# Excel-Style Data Cleaning and Summary with Pandas

This project demonstrates how to clean and summarize customer sales data. It includes removing duplicates, handling missing values, and generating summary reports by region. This workflow simulates typical Excel-based reporting tasks often performed in business settings.


In [2]:
import pandas as pd

# Simulate messy data
data = {
    'Customer': ['Alice', 'Bob', 'Charlie', 'Alice', None],
    'Sales': [250, 150, None, 250, 200],
    'Region': ['West', 'East', 'East', 'West', None]
}
df = pd.DataFrame(data)

## Step 1: View and Understand Raw Data

The raw dataset includes missing values and duplicates, which are common issues in real-world Excel exports.


In [3]:
# Clean data
df = df.drop_duplicates()
df['Sales'] = df['Sales'].fillna(df['Sales'].mean())
df['Customer'] = df['Customer'].fillna('Unknown')
df['Region'] = df['Region'].fillna('Unknown')

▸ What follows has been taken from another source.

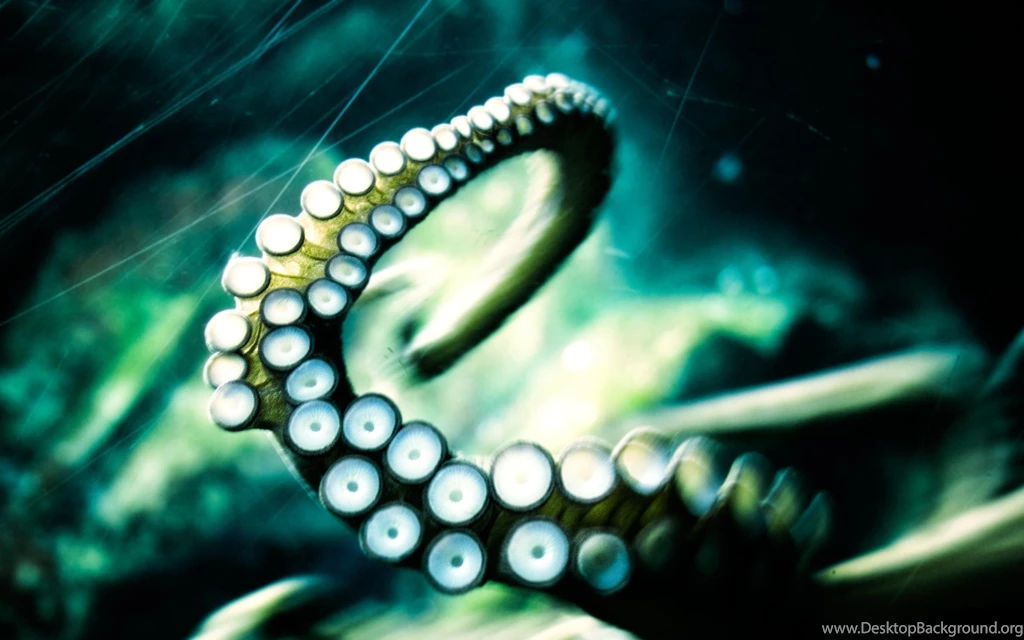 Download The Deep Water Tentacles Wallpaper, Deep Water Tentacles ...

## Step 2: Clean Data and Summarize Sales by Region

We fill missing values, remove duplicates, and aggregate total sales by region using groupby. These are essential data preparation steps before analysis or dashboarding.


In [5]:
# Summary
summary = df.groupby('Region')['Sales'].sum()
print("Total Sales by Region:\n", summary)

Total Sales by Region:
 Region
East       350.0
Unknown    200.0
West       250.0
Name: Sales, dtype: float64


## Conclusion

This project shows how to clean, analyze, and visualize data using Python and common libraries like Pandas, Matplotlib, and Seaborn. Skills demonstrated include data wrangling, aggregation, and business-oriented reporting.